Winner of the Wonderland 2019 Woman’s Adventure Scholarship
Adventuring through remote and wild spaces has taken my life from a teenage abuse victim attempting to be small and invisible, to conquering my inner demons. It has taught me the importance of play and the calm confidence of the flow state.
Growing up in a blue-collar family, the values taught to me included a perceived lack of opportunity, the need to work hard just to get by, and a negative association with play (play was for the rich). Long hours at manual labor jobs with added DIY projects at home were common. With these values, I started working at 8 years old and have never stopped.
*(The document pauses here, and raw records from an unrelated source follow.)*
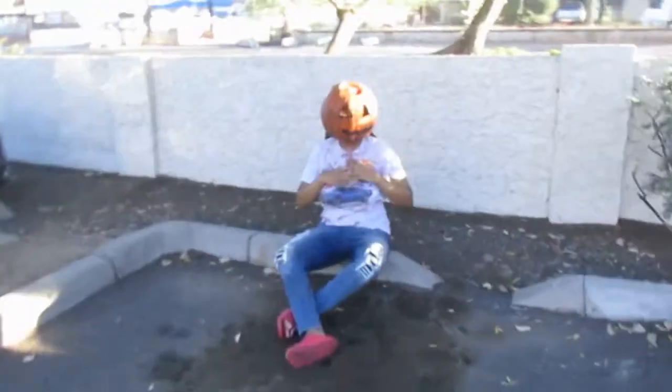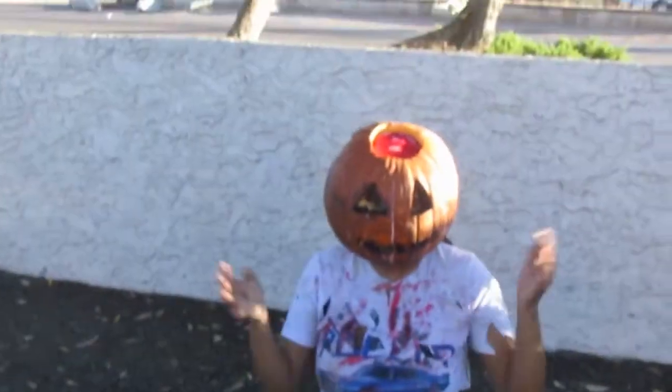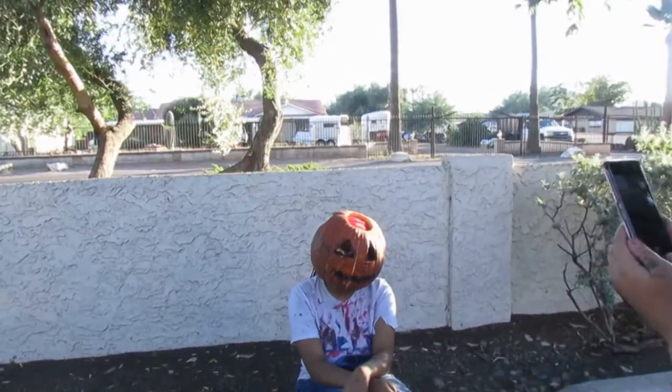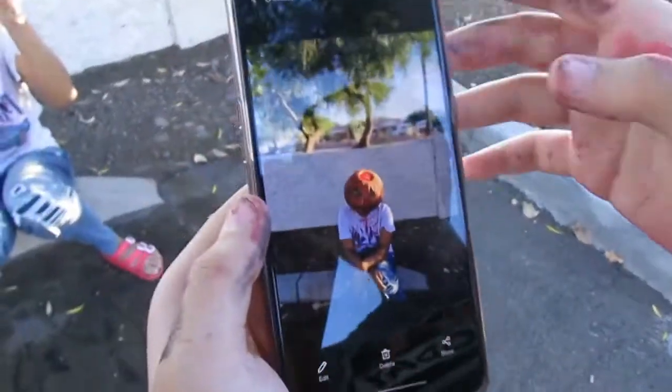Hey guys, right now we are outside getting Jamiah's photos done. You guys already saw the photos of me, now it's Jamiah's turn. I took my outfit off and you can see there's black on my face from the face painting. The camera's about to die so I'll show you Jamiah real quick — we even put her shirt through the dirt and painted it. She looks so cool!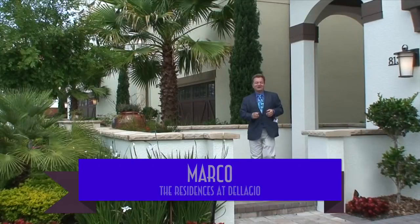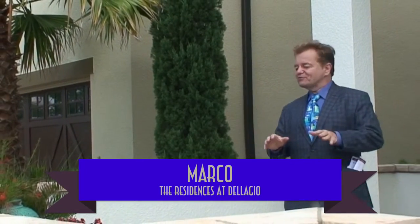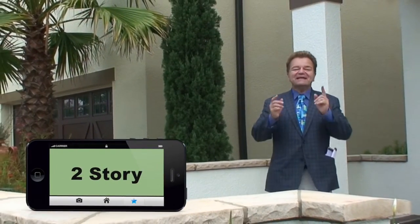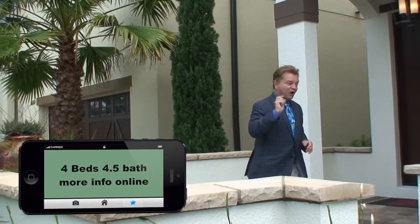Welcome to the Marco. This is a four-bedroom, four-and-a-half bath home with a great courtyard in front, either for greeting guests or greeting the morning sun. Let me show you the terrific features of this unique home, the Marco.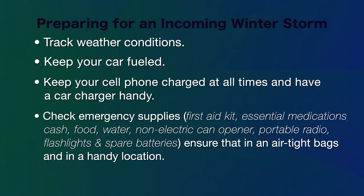Check emergency supplies such as first aid kit, essential medications, cash, food, water, non-electric can opener, portable radio, flashlights and spare batteries. Ensure that they are in an airtight bag and in a handy location.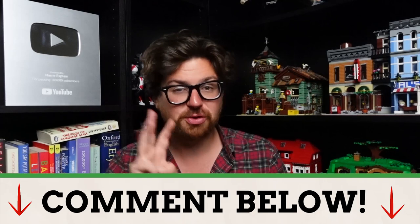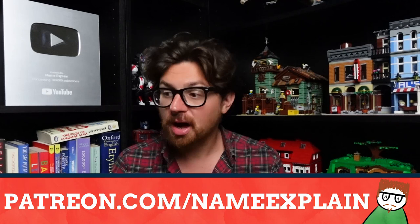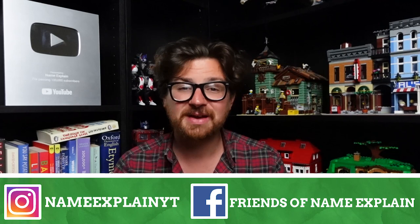Go suggest some names in the comments below — I'll pick three to be put into a poll exclusively for my patrons to vote on, and the winning name will be covered in the next Fun With First Names video. If you enjoyed the channel and want to support it, please consider becoming a Patron. For just $1 a month you get ad-free videos and exclusive content. If you can afford it after all your bills, consider throwing it Name Explained's way. Don't forget to follow me on Instagram at NameExplainYT and join the Facebook group Friends of NameExplain.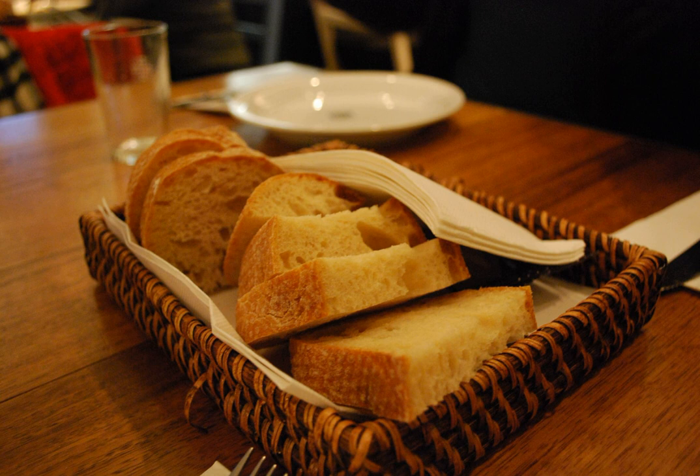Custard: a variety of culinary preparations based on a cooked mixture of milk or cream and egg yolk. Depending on how much egg or thickener is used, custard may vary in consistency. Milk-based products. Milky can be prepared by leaving a jug of boiled milk in an oven for a day or for a night until it is coated with a brown crust. Pastry: a dough of flour, water and shortening that may be savory or sweetened.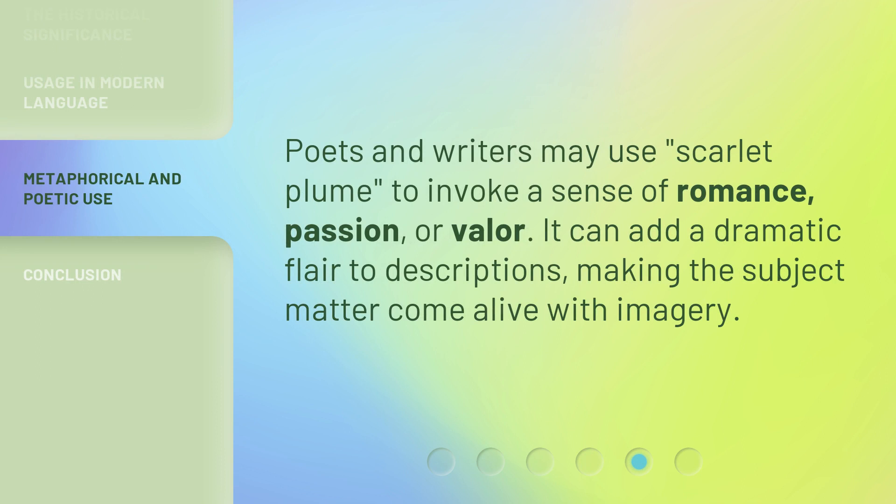Poets and writers may use Scarlet Plume to invoke a sense of romance, passion, or valor. It can add a dramatic flair to descriptions, making the subject matter come alive with imagery.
I started running in college and through the miles of pack running, sharing failures and success with sweat and tears, the comradery of the Cross-Country Team drew me out of my depression. Slowly I started to see myself in a different light, as a person who could set an intention and live a little bigger. I moved across the country to Arizona where I didn’t know a soul and persevered when acclimating to high altitude running at 7000’. I started running mountain races such as Imogene Pass Run and TransRockies Run. Each exploration removed fear and with increased success in problem solving, I started really believing in myself.
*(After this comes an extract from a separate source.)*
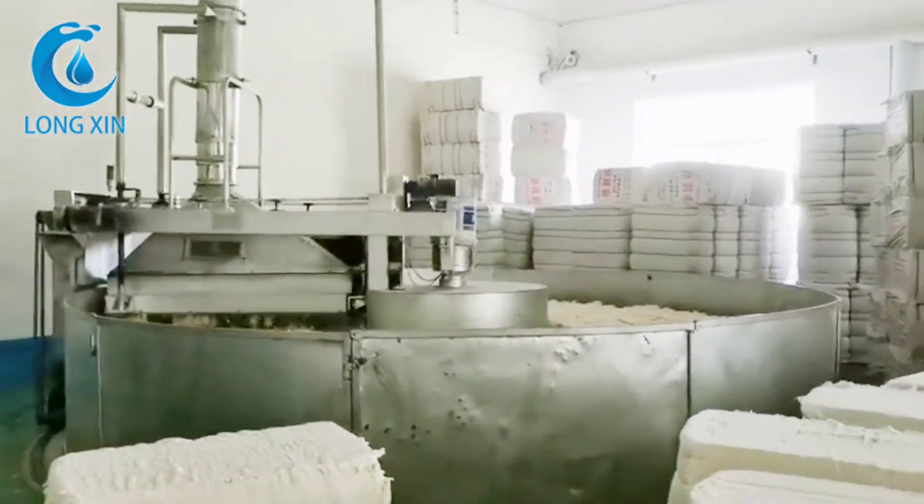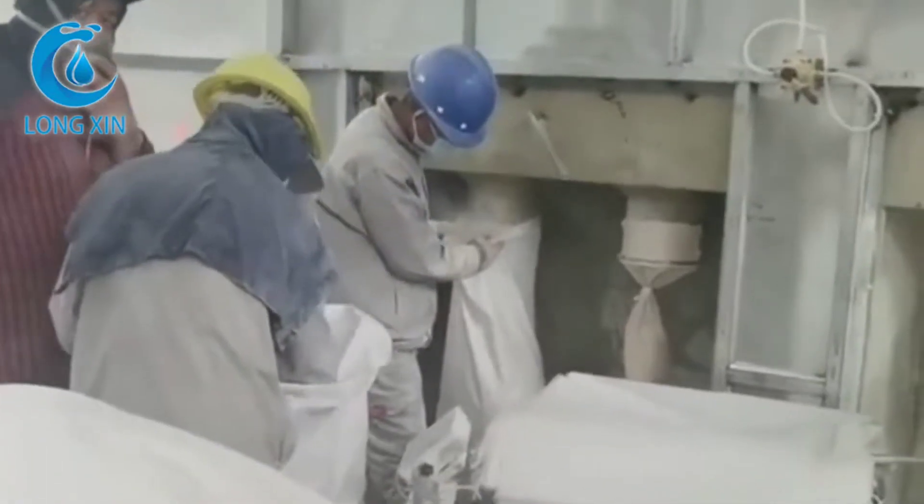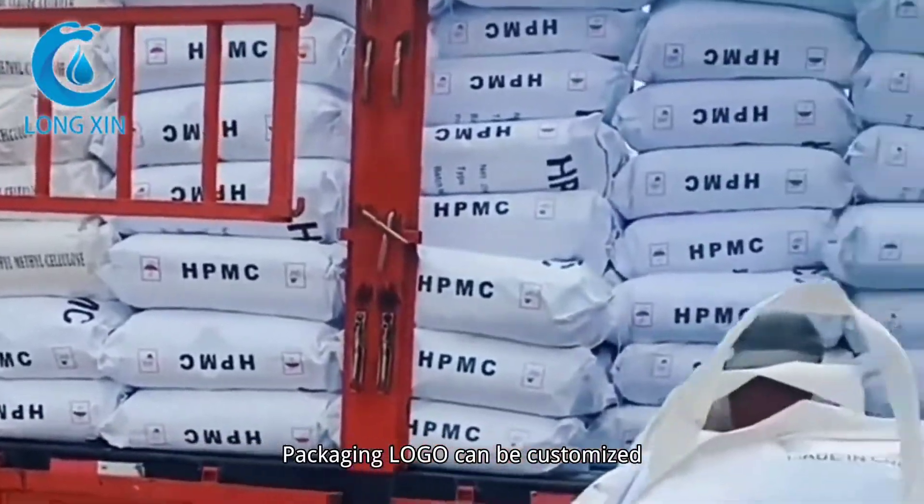We have our own factory, professional production line and team. Packaging logo can be customized.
The personal growth continued upon meeting and marrying my husband, I now had the confidence to take the leap and become a wife and stepmother. Together we explored remote areas of the Southwest such as Canyonlands National Park and I felt a new inner hum while staring at the night sky with no artificial light in sight. I started seeking out more remote trails, running longer hours feeling the state of flow. Often alone, I explored more inaccessible locations and relished the hours playing. Longer hours on the trails required increased physical and mental strength. General physical bad-assery doesn’t carry you by itself, we also need to control our minds. Often after many hours on the trail, when the body starts to break down, old demons would crawl to the surface and remind me of the small life from which I came. Recently, when hopelessness set in at the start of a race, I pushed the demons away without any reason to be confidence. My start at the 2018 Moab Trail Marathon found me badly nauseous from a prescription I stopped taking for the race. The nausea prevented me from eating my usual pre-race nutrition, I felt things were stacking against me. When the nausea subsided at mile 11, I was so far back that I didn’t think I could compete. By accepting the situation, I broke through a mental barrier and ended the race 1st place woman in the Master’s Division of the USATF field. Consequently, by adventuring in the remote and wild spaces in nature, I’ve been able to accept the remote and wild spaces in my mind.